Neuf années plus tôt, en 1989, j’avais pu passer une journée avec lui à bord de son célèbre monocoque, Pen Duick, plan Fife construit en 1898. C’était à Saint-Malo. Le bateau sortait de chantier et allait recevoir ses nouvelles voiles fournies par son ami de toujours, Victor Tonnerre. Son idée était de tester ses équipements en naviguant toute la journée. La mienne était d’écrire un article pour L’Express, où je travaillais. Pour moi, Éric Tabarly était le grand marin dont j’avais lu tous les livres. Le skipper du grand Pen Duick VI dont j’avais collé une photo vue d’avion à mon plafond, au-dessus de mon lit.
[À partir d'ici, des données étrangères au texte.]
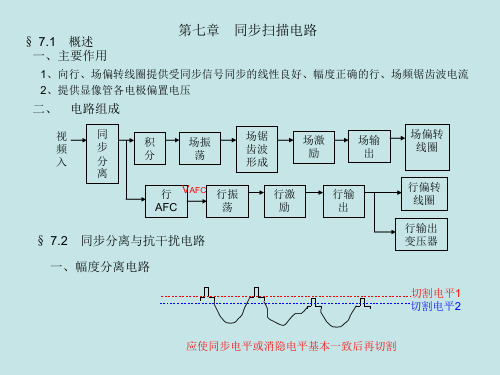 同步扫描电路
L’innovateur génial en architecture navale dont j’admirais l’audace. Un héros, une légende.
Le rendez-vous était aux aurores, sur les quais, pour profiter de la marée haute et sortir du port sans encombre. Le premier contact n’était ni chaleureux, ni glacial. Neutre. Il avait accepté ma présence à bord, c’était déjà bien. Mais nous avons croisé un voilier ancien, une goélette d’une trentaine de mètres, et la passion a immédiatement agi : « Vous avez vu son winch ? dit-il avec son léger zozotement légendaire. Il vient de (il nous donne le nom d’un autre voilier dont j’ai oublié le nom aujourd’hui…). Il l’a récupéré mais je le reconnais bien… » Une réaction qui annonçait le déroulement de la journée. En mer, l’homme était taiseux. Limitant ses paroles au nécessaire. Idem à terre, le soir, au dîner, même avec une bonne bouteille de Châteauneuf du Pape, son péché mignon. Quand je lui signalais que, malgré leur promotion d’écart, il avait croisé mon père en « prison », à l’école navale, où dormaient les élèves officiers arrivant en retard à la fin du week-end, il se contentait d’un sourire et d’un « Ah ? » étonné. Quand j’essayais de le faire parler de ses navigations, ses courses, il répondait gentiment mais sobrement. Quand des passants venaient le saluer, il souriait toujours, ne marquant ni enthousiasme, ni agacement. Imperturbable. Sauf quand on parlait bateau, et surtout marine ancienne. Là, il devenait intarissable. Une encyclopédie. Une culture hallucinante. Un talent pour raconter, décrire, expliquer. C’était sa passion. Et cela s’entendait.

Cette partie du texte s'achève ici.